BEGIN Input records
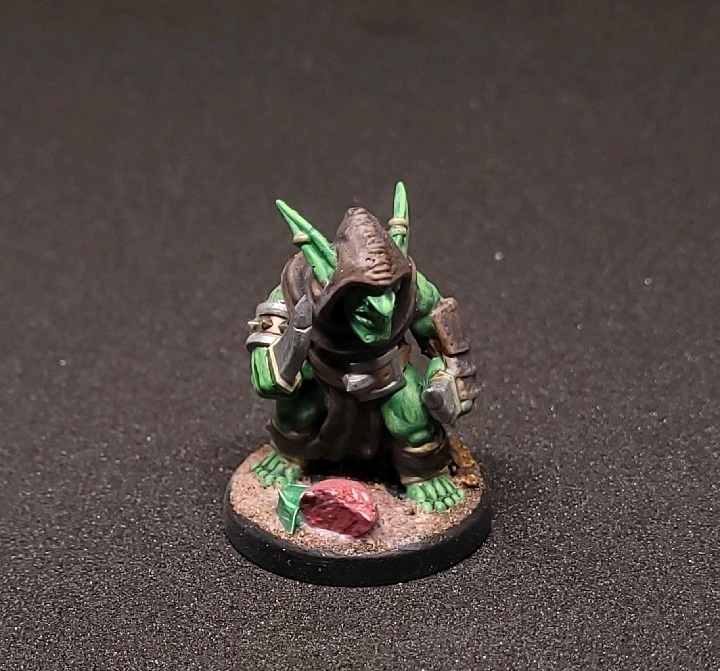 Some dnd miniatures I painted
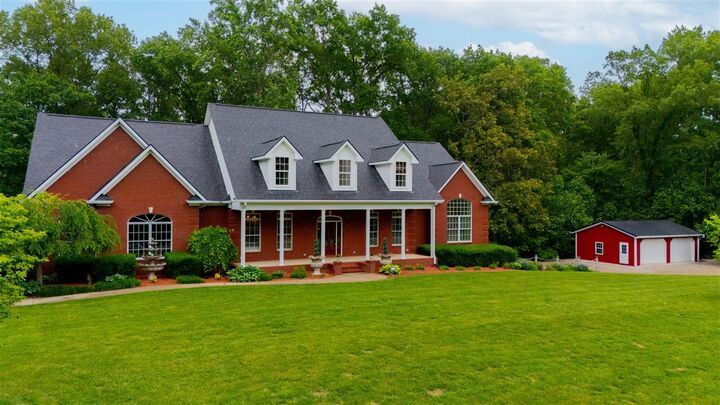 Property Photo: 8020 Cemetery Road KY 42103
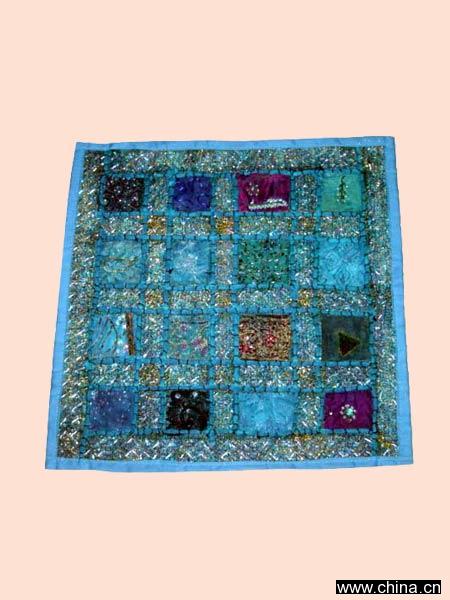 Patchwork Cushion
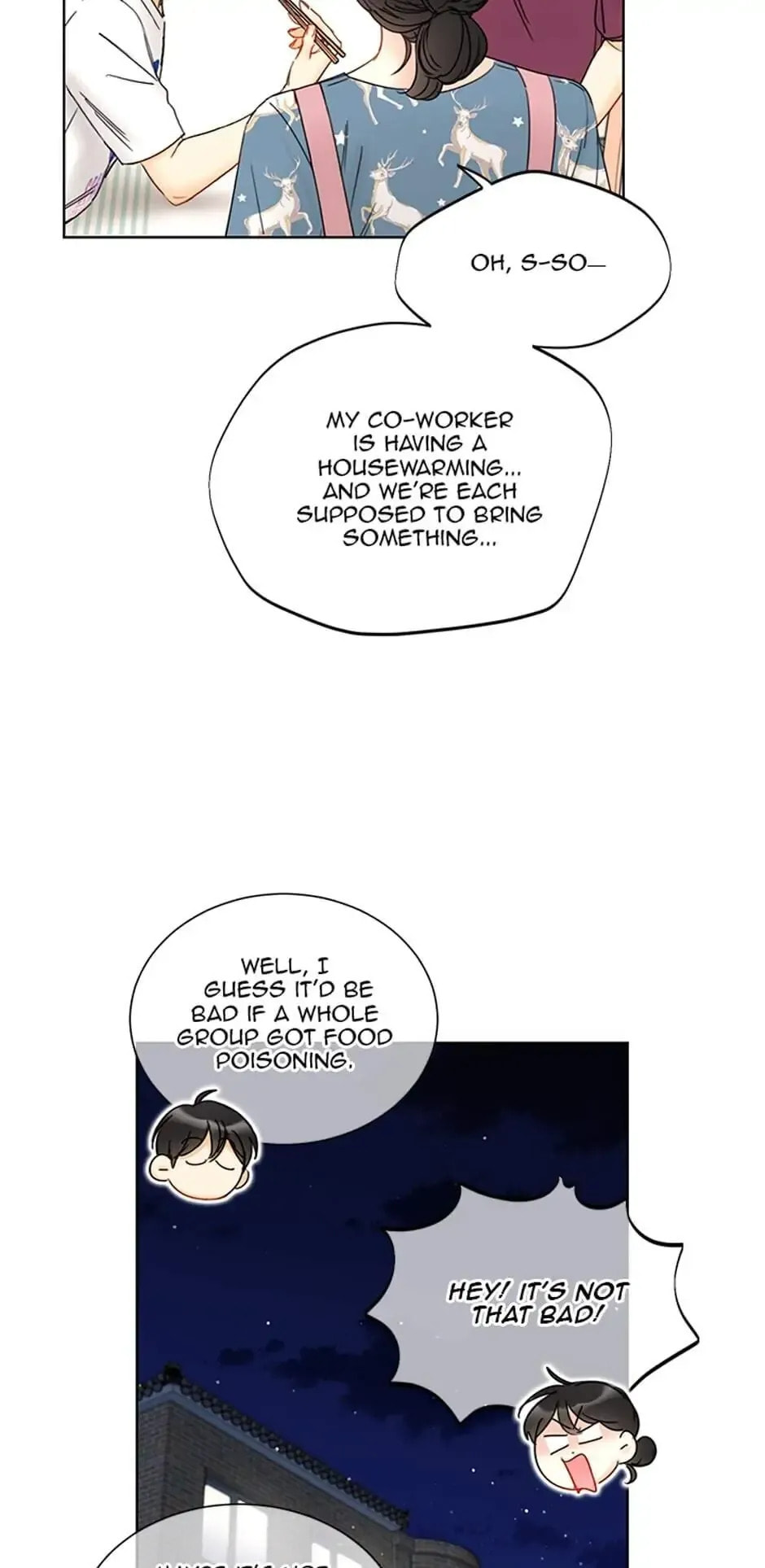 Read A Business Proposal chapter 89 image 44 on Lezhin
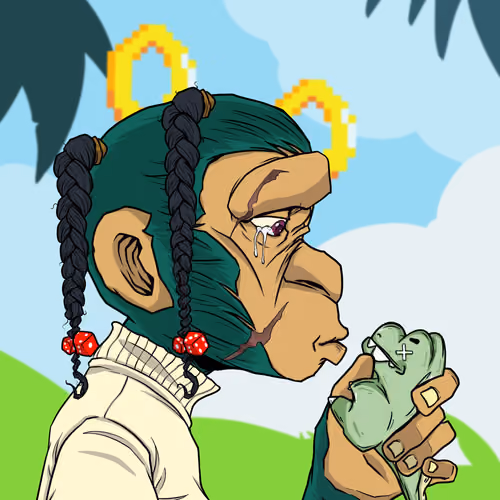 Apes R Us 2659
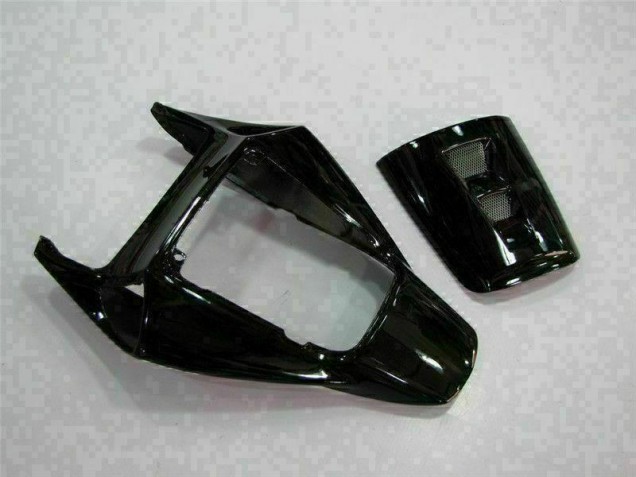 Kit Completo Carenagem CBR 1000RR 2004-2005 - Branco Vermelho Preto Kit Completo Carenagem CBR 1000RR 2004-2005 - Branco Vermelho Preto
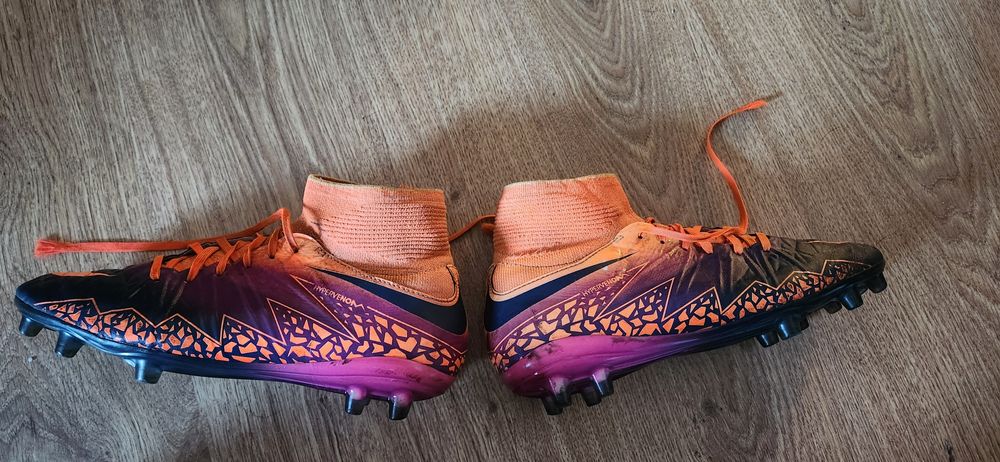 Nike hypervenom бутонки -детски футболни обувки 38 номер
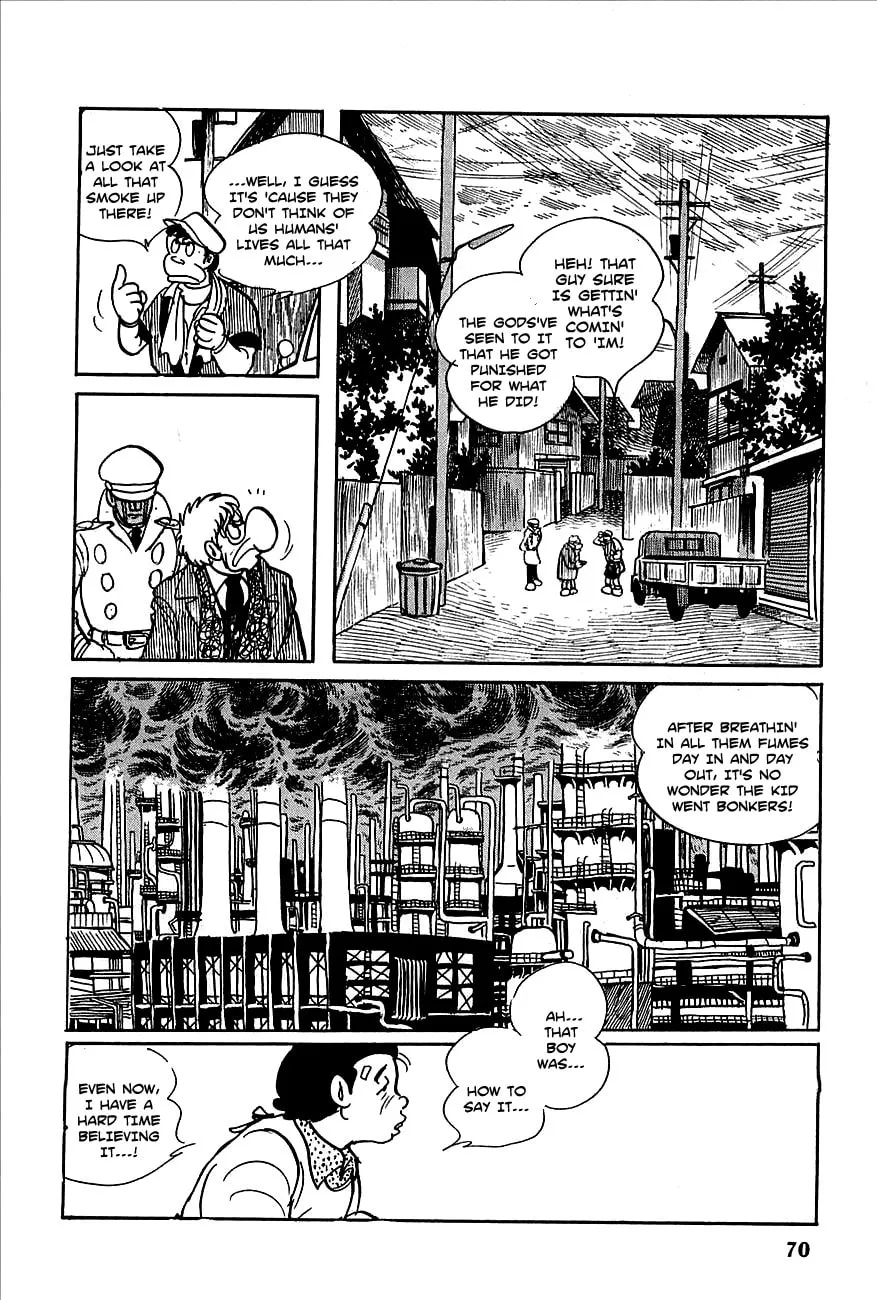 Read Robot Keiji chapter 3 image 3 on Lezhin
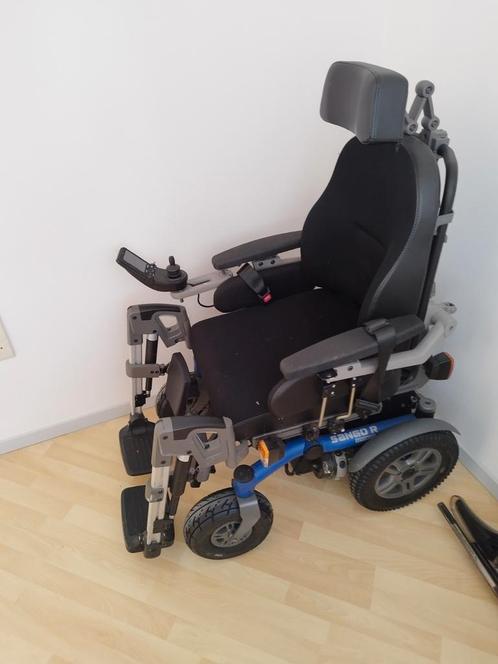 DIETZ Power SANGO R, Diversen, Rolstoelen, Zo goed als nieuw, Ophalen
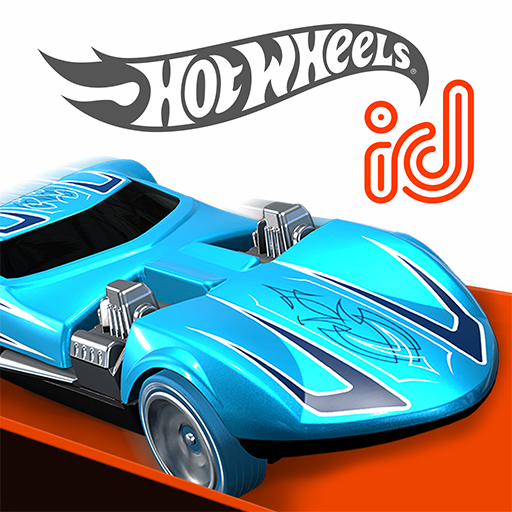 Hot Wheels id  Icon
END Input records
# Exercise requirements
This task asks for the data above repeated exactly, without a single picture.

# Result of this task
 Some dnd miniatures I painted
 Property Photo: 8020 Cemetery Road KY 42103
 Patchwork Cushion
 Read A Business Proposal chapter 89 image 44 on Lezhin
 Apes R Us 2659
 Kit Completo Carenagem CBR 1000RR 2004-2005 - Branco Vermelho Preto Kit Completo Carenagem CBR 1000RR 2004-2005 - Branco Vermelho Preto
 Nike hypervenom бутонки -детски футболни обувки 38 номер
 Read Robot Keiji chapter 3 image 3 on Lezhin
 DIETZ Power SANGO R, Diversen, Rolstoelen, Zo goed als nieuw, Ophalen
 Hot Wheels id  Icon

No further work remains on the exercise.